In searching around for nice things to say about this week's Fenway program, it seems on the whole best to dwell on Leatrice Joy's "Made for Love" and leave "The Red Kimono" (Is that the way you spell "Kimono"?) discreetly in the background. Discussing even this one, it will be necessary to tread cautiously. It would be easy to get unpleasant, and that wouldn't do at all because just now the Playgoer editor is conducting a campaign to be as nice as possible to everybody and try to remove this department's reputation for cynicism and general all-round bad temper.

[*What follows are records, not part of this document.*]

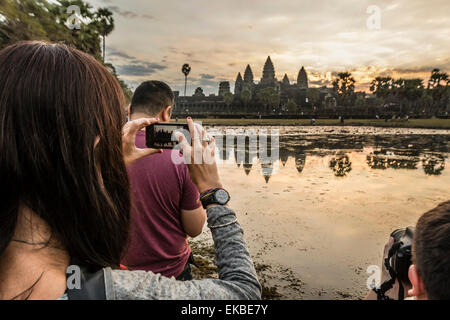 Tourists photographing the sunrise over the west entrance to Angkor Wat, Angkor, UNESCO, Siem Reap, Cambodia, Indochina, Asia Stock Photo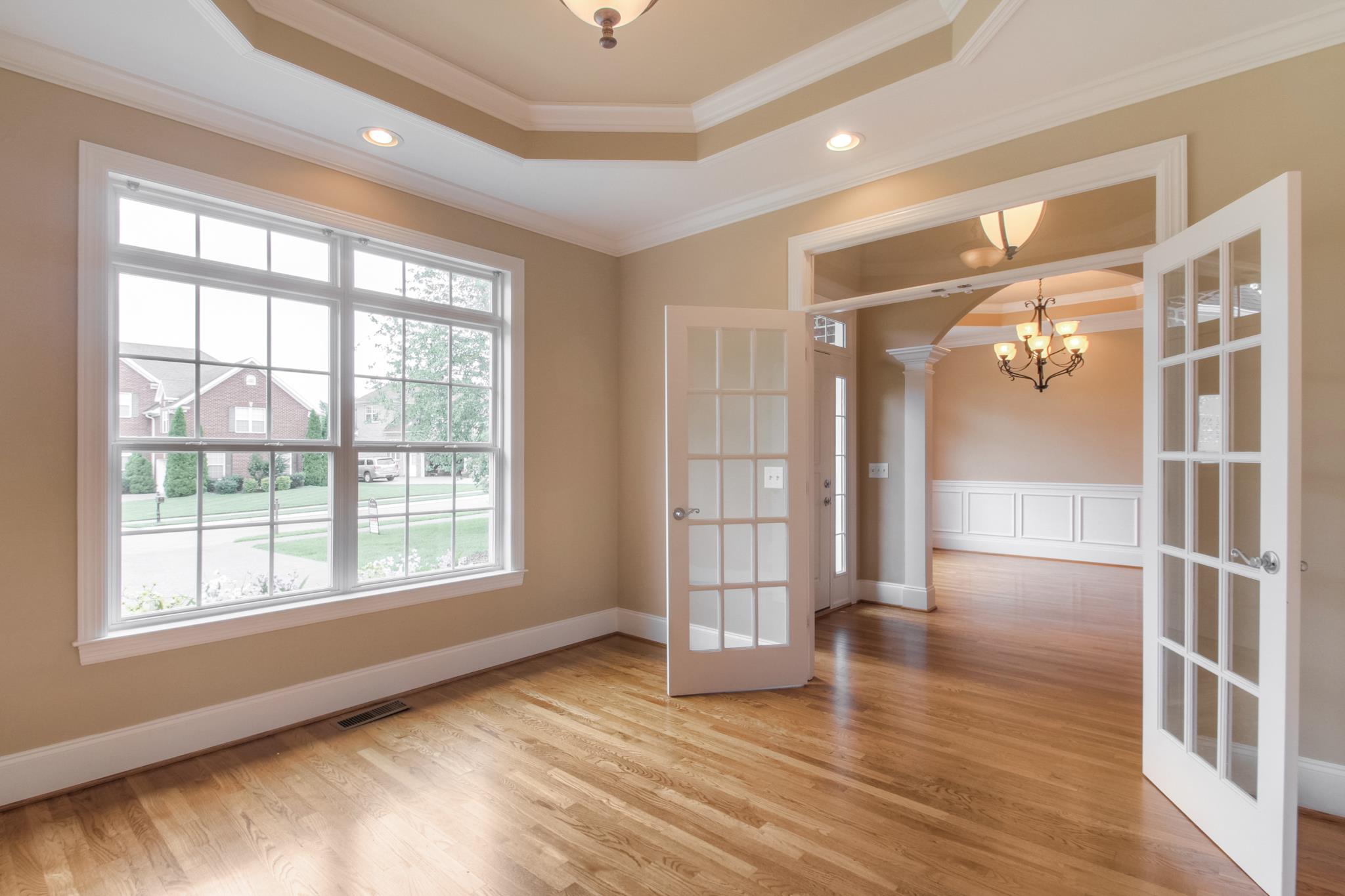 1631 Fair House Road Spring Hill, TN 37174 - Photo 8 of 29 a view of empty room with wooden floor and fan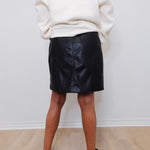 Person wearing a black leather skirt and white sweater against a plain background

To begin with, "Made For Love" has to do with the pyramids, desert Bedouins, the Valley of the Kings, and such things, which, as everyone knows, are fascinating subjects and enough to make a wow of any movie. Leatrice Joy is a sinuous and seductive heroine with a surprising hair cut. She doesn't look at all, like a star of other days staging a come-back. Opposite her la Edmund Burns whose handsome face has a tendency to fall into a peculiar half sour expression which reminded us of the new explanation of the physiognomy of a certain famous--well, not statesman exactly; to wit, that he was weaned on a pickle.
At this point we had intended originally to insert a few paragraphs from a recent work of ours on "The Cattle Industry in Relation to Westward Migration 1650-1673". But perhaps it would be just as well to stop right here. . . . Oh yes, just a word about "The Red Kimono". It is a sermon by Mrs. Wallace Reid on the life of the streetwalker and its attendant evils. Being a bit irrelevant as far as we were concerned, it didn't get a very vital grip on our interest, except as it distressed whatever feelings we have for art in the movies.
There wasn't any "Felix" cartoon on the program.